They both knew what they had to do: Ensure that these two weren’t terrorizing innocent souls in Death realm.

  All Hallows Eve: It was supposed to be fun, a date night, but the name took on new meaning now. All souls must be protected. That was Spence and Oisin’s highest calling.

  Together, they transported to Death. As gods, it was easy for them to sense where anyone in Death was, so they found the killers easily. The wolves growled low in their throats, hackles up.

  “Stay away from me!” the guy bellowed. He hid behind the girl.

  The girl stepped forward, brazen, and summoned long talons for herself, extended scissor-blade fingers that curved in menacing arcs.

  Oisin braced for the first slice the second before it hit his shoulder. He could heal, but that power did nothing to stave the pain. Better him than Spence. He hated when Spence was injured.

  “Leave everyone here alone,” Spence ordered her. He had a controlled fury that she had hurt Oisin, but he was practiced enough that he hid it behind a mask of calculated calm. 
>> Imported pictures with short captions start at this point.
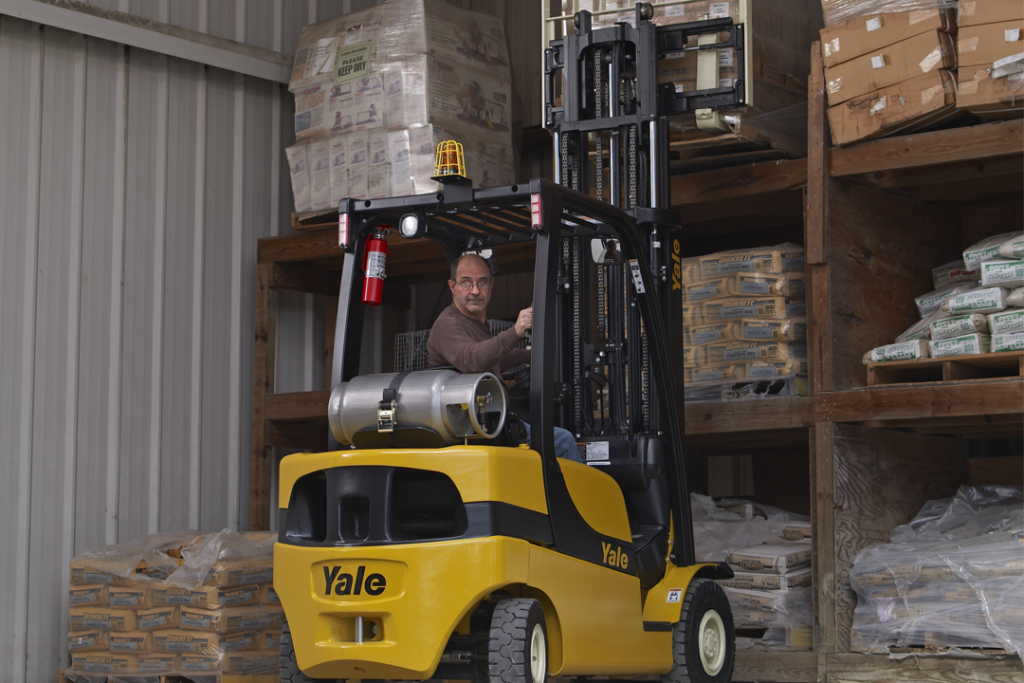 Person operating a Yale forklift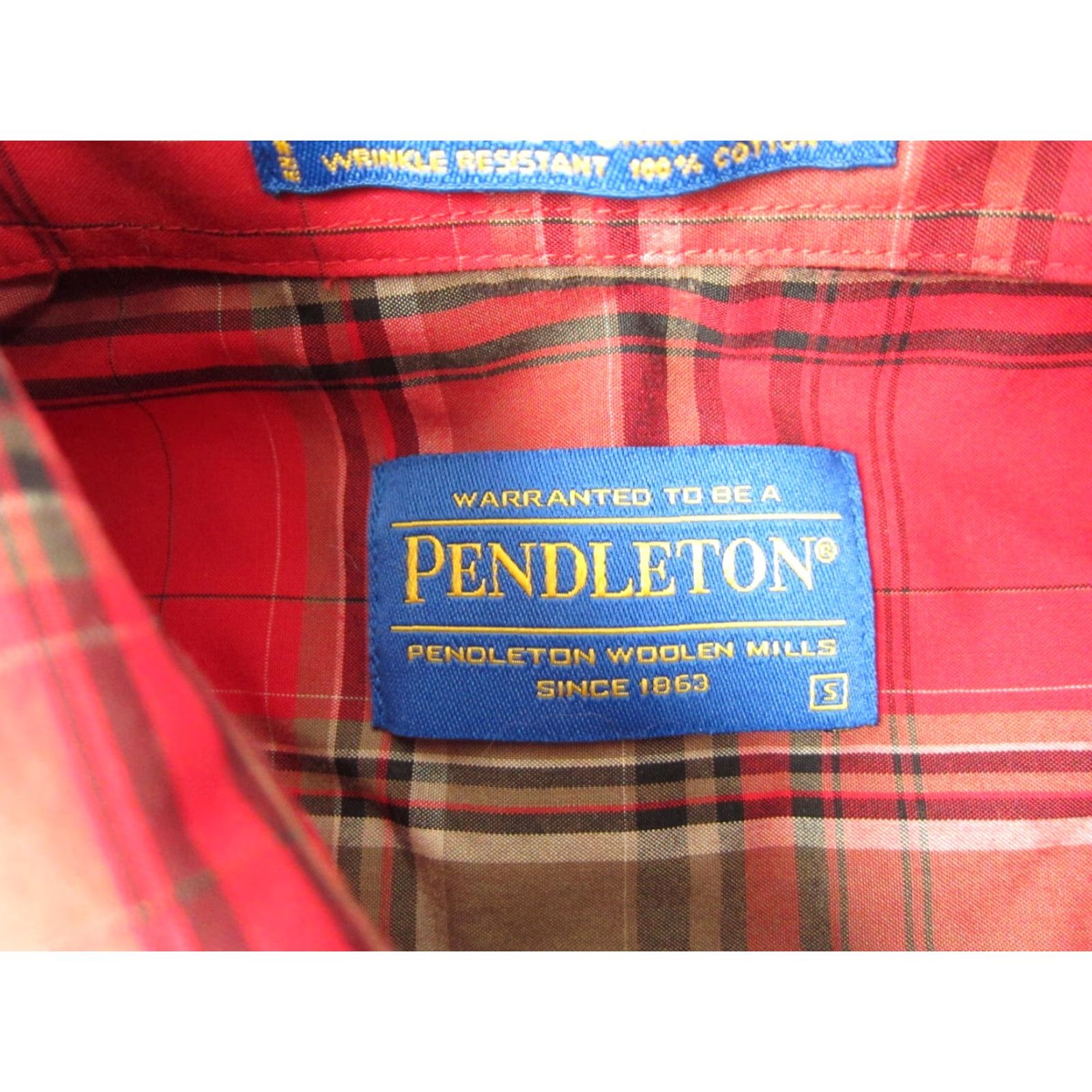 Pendleton VINTAGE Pendleton Shirt Mens S Red Plaid Cotton Button-Up Casual 90s Aztec Fall Winter Spring Summer Mens Size US S / EU 44-46 / 1 - 4 Thumbnail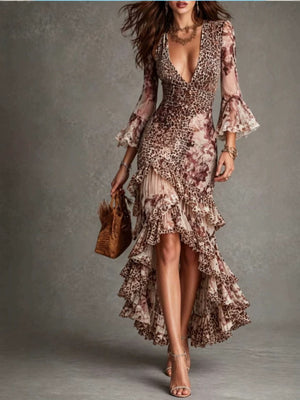 tan maxi dress with leopard and deep v-neck
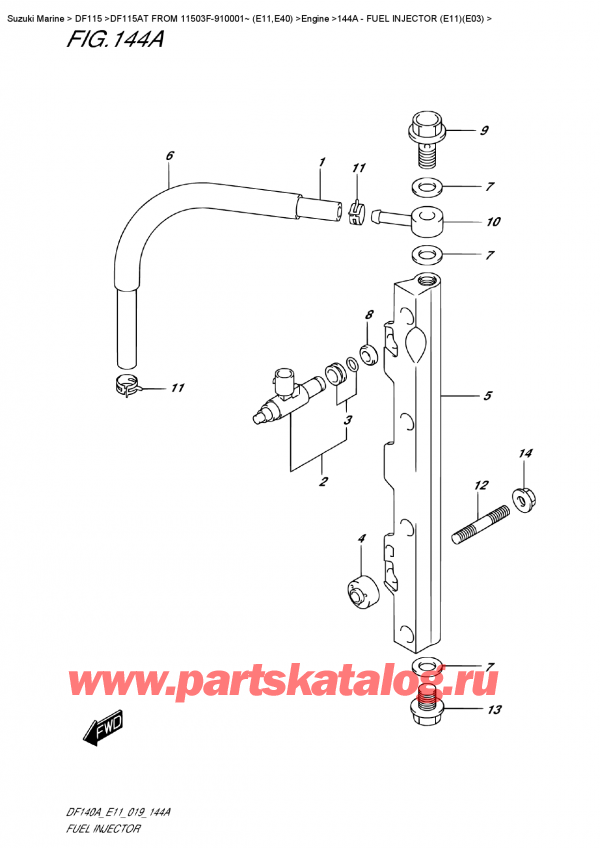   ,   , SUZUKI DF115A TL / TX FROM 11503F-910001~ (E11), Fuel Injector  (E11)(E03) /   (E11) (E03)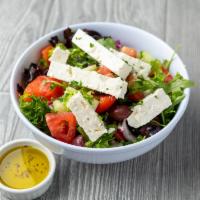 Greek Salad · Mixed greens, tomato, cucumber, green peppers, capers, olives, onions, Greek feta cheese, an...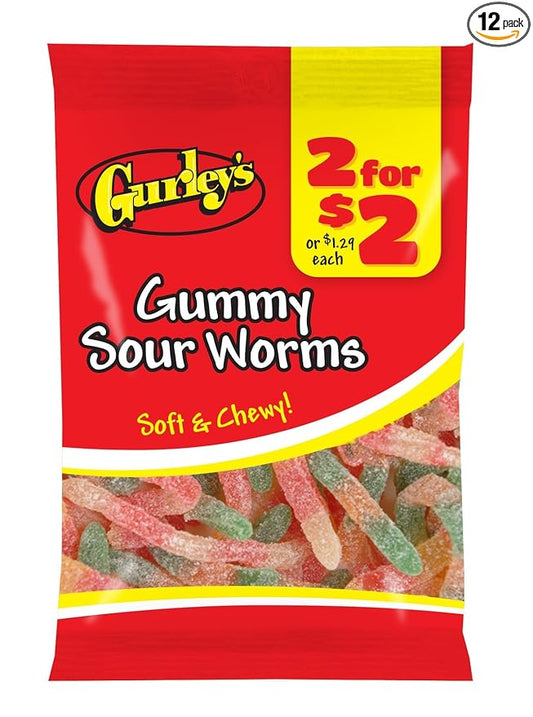 Gurley's Sour Gummi Worms, Dual-Flavored, Chewy Treats (Pack of 12)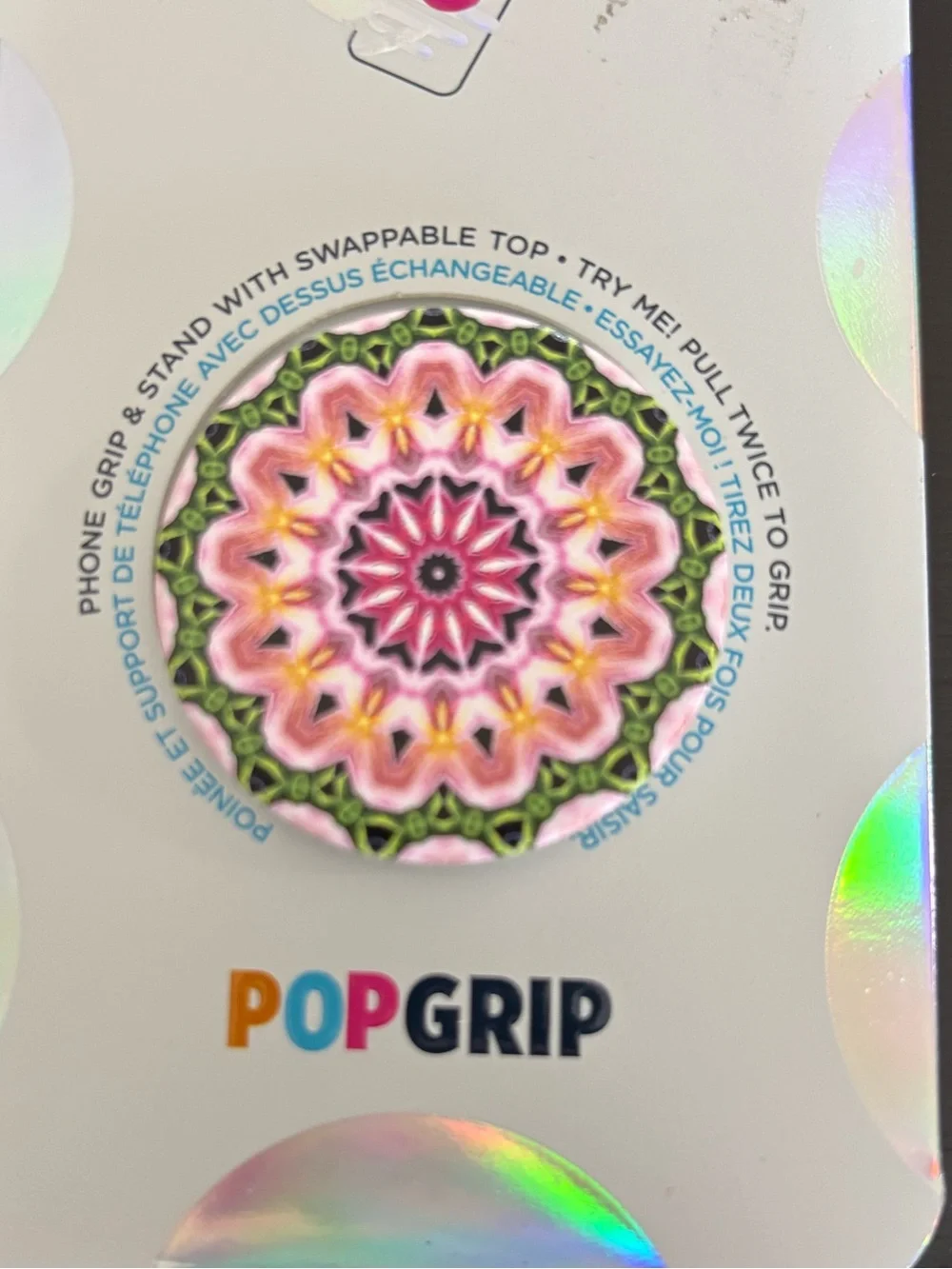 PopSocket PopGrip Pink & Green Floral Mandala Phone Grip
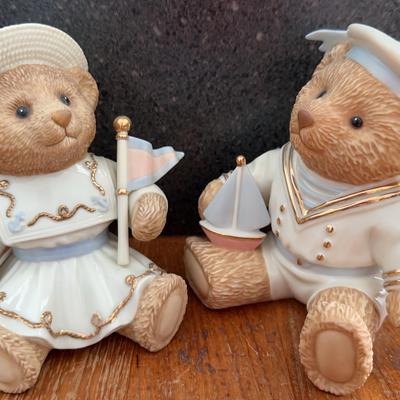 Lenox First Mate and Sailor Girl Bear Figurines 
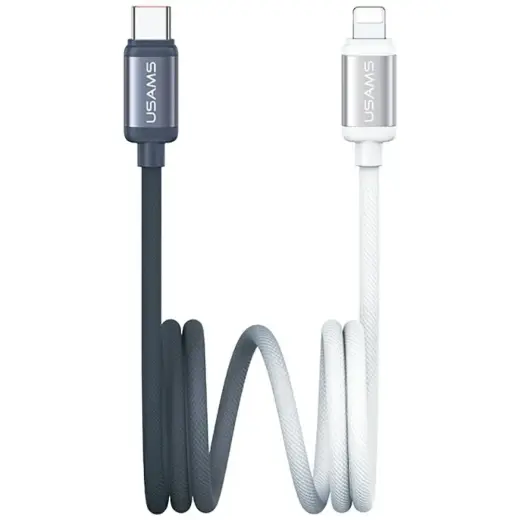 USAMS SJ757 провод для передачи данных и зарядки | USB-C на Lightning | 30W | 1.2м | черный и белый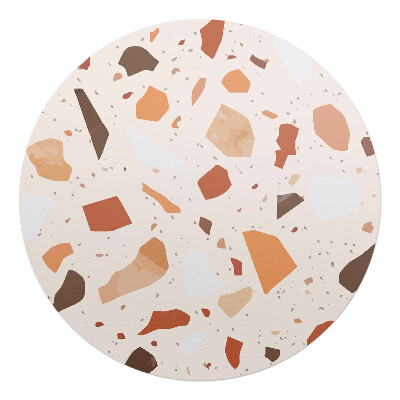 Mata na podłogę pod krzesło okrągła Terrazzo abstrakcyjny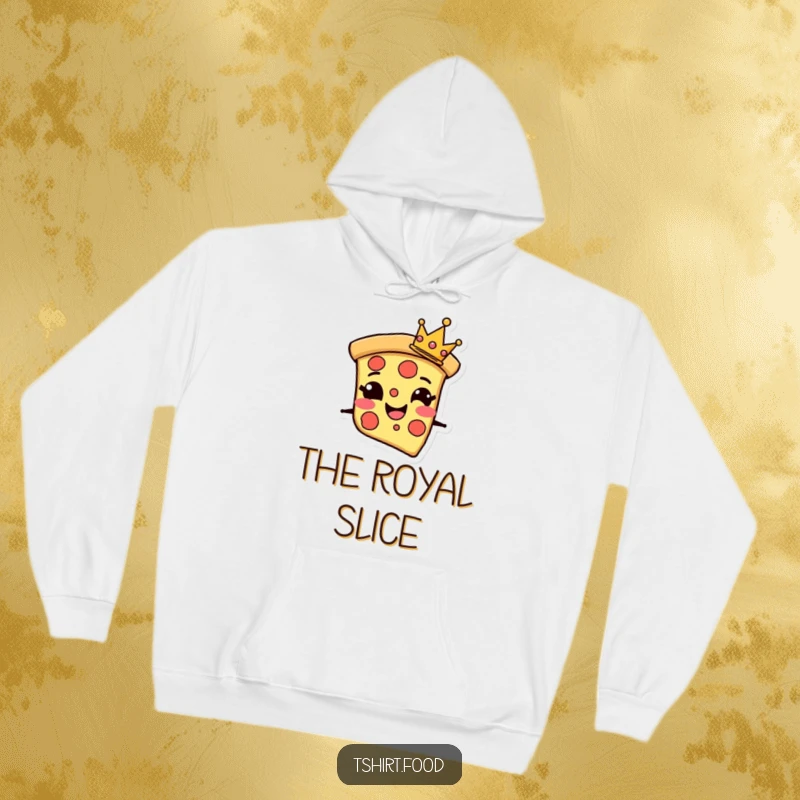 Funny Hoodie showcasing a grinning pizza slice character wearing a tiny crown, perfect for staying warm and stylishly cheesy.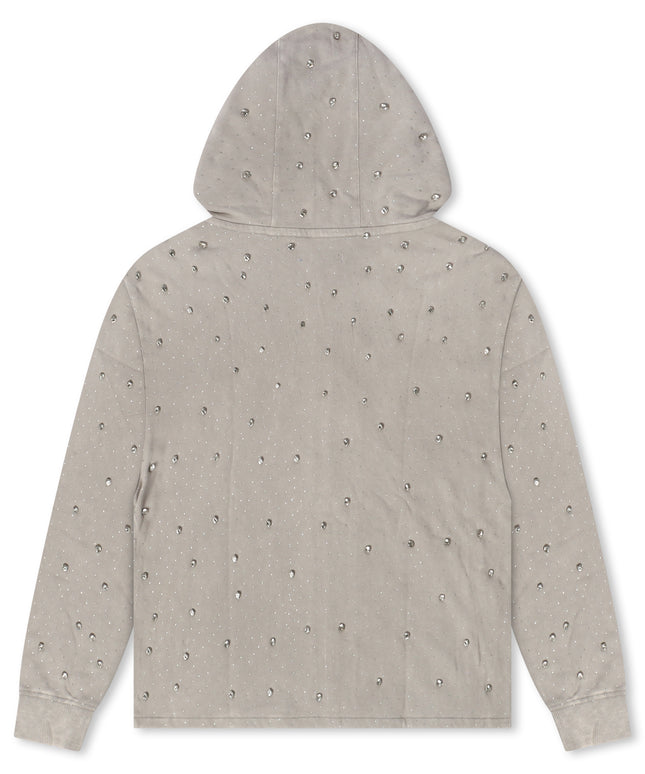 Rebel Denim Diamond Hoodie - Grey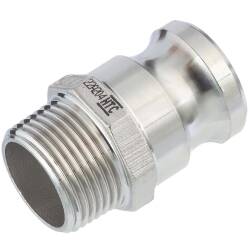Stainless steel V4A type F Male part with external thread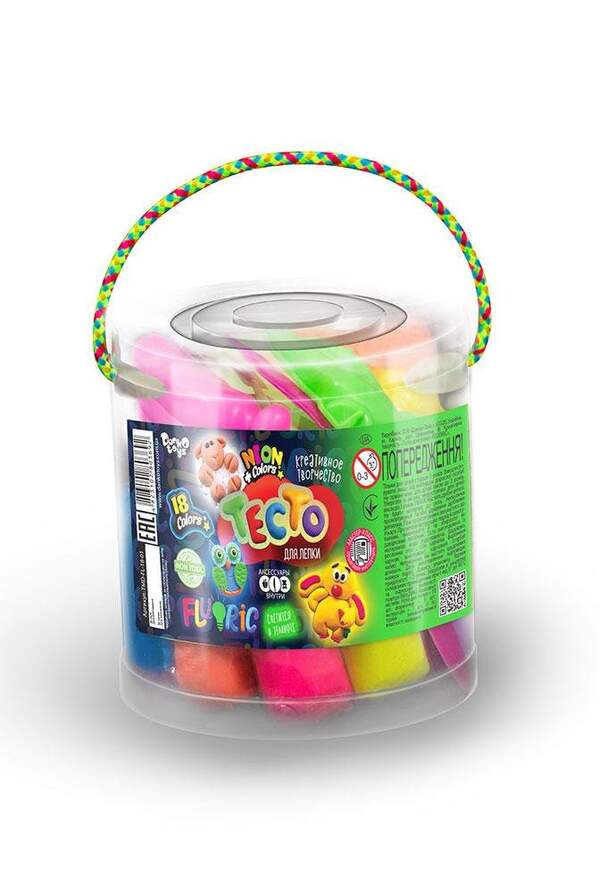 Креативна творчість "Тісто для ліплення "FLUORIC" туба 18 кольорів укр (8) TMD-FL-18-01U (шт.)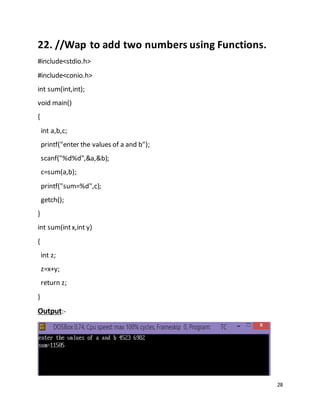 Practical File of C Language | DOCX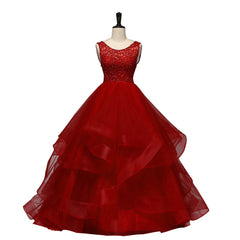 Vestido de fiesta de tul rojo vino con capas de encaje para dulces 16
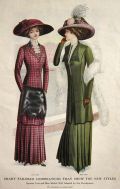 1910 Women's Fashion Print ~ Tailored Coat & Skirt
  “Or what?” the girl sneered.

  “We need living people,” Spence told her. “You could have a second chance.”

  She snorted and whooshed her miniskirt. “You’re fools if you think you can fix the world. Control freaks.”

  Gods, actually. Oisin barely concealed his smirk. “All we want is to give you both a chance to fix yourselves.”

  The girl slashed at Oisin’s shoulder again, slashing the fabric and the semi-healed skin. “You’re the broken ones,” she growled.

  Were they?

  In a way, yes. So casually, they killed these two. So easily, they would sleep tonight.

  They both hid it well, but deep in the wells of their essence, Oisin knew they felt every death, counted every loss. The trouble with godhood was that it led to macroscopic thinking, and in that grand scale perhaps they should have left these two alive to go about their sinister business, against all justice and judgement.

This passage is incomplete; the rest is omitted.